24 Things No One Ever Tells You About Book Publishing

Ten years ago, my first novel Prep came out. Here’s what I’ve learned about the publishing industry and writing since then.



My first novel.


Via amazon.com


1. When it comes to fellow writers, don't buy into the narcissism of small differences. In all their neurotic, competitive, smart, funny glory, other writers are your friends.


2. Unless you're Stephen King, or you're standing inside your own publishing house, assume that nobody you meet has ever heard of you or your books. If they have, you can be pleasantly surprised.


3. At a reading, 25 audience members and 20 chairs is better than 200 audience members and 600 chairs.


4. There are very different ways people can ask a published writer for the same favor. Polite, succinct, and preemptively letting you off the hook is most effective.


5. Blurbs achieve almost nothing, everyone in publishing knows it, and everyone in publishing hates them.


6. But a really good blurb from the right person can, occasionally, make a book take off.


7. When your book is on best-seller lists, people find you more amusing and respond to your emails faster.



Summit Entertainment / Via Tumblr


8. When your book isn't on best-seller lists, your life is calmer and you have more time to write.


9. The older you are when your first book is published, the less gratuitous resentment will be directed at you.


10. The goal is not to be a media darling; the goal is to have a career.


11. The farther you live from New York, the less preoccupied you'll be with literary gossip. Like cayenne pepper, literary gossip is tastiest in small doses.
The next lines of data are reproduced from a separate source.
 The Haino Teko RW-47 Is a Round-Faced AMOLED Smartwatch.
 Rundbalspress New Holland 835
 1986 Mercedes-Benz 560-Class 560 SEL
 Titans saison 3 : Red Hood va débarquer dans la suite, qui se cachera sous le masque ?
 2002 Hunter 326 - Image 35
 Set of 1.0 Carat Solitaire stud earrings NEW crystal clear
12. Contrary to stereotype, most book publicists aren't fast-talking, vapid manipulators; they're usually warm, organized youngish women (yes, they are almost all women) who love to read.



13. Female writers are asked more frequently about all of the following topics than male writers: whether their work is autobiographical; whether their characters are likable; whether their unlikable characters are unlikable on purpose or the writer didn't realize what she was doing; how they manage to write after having children.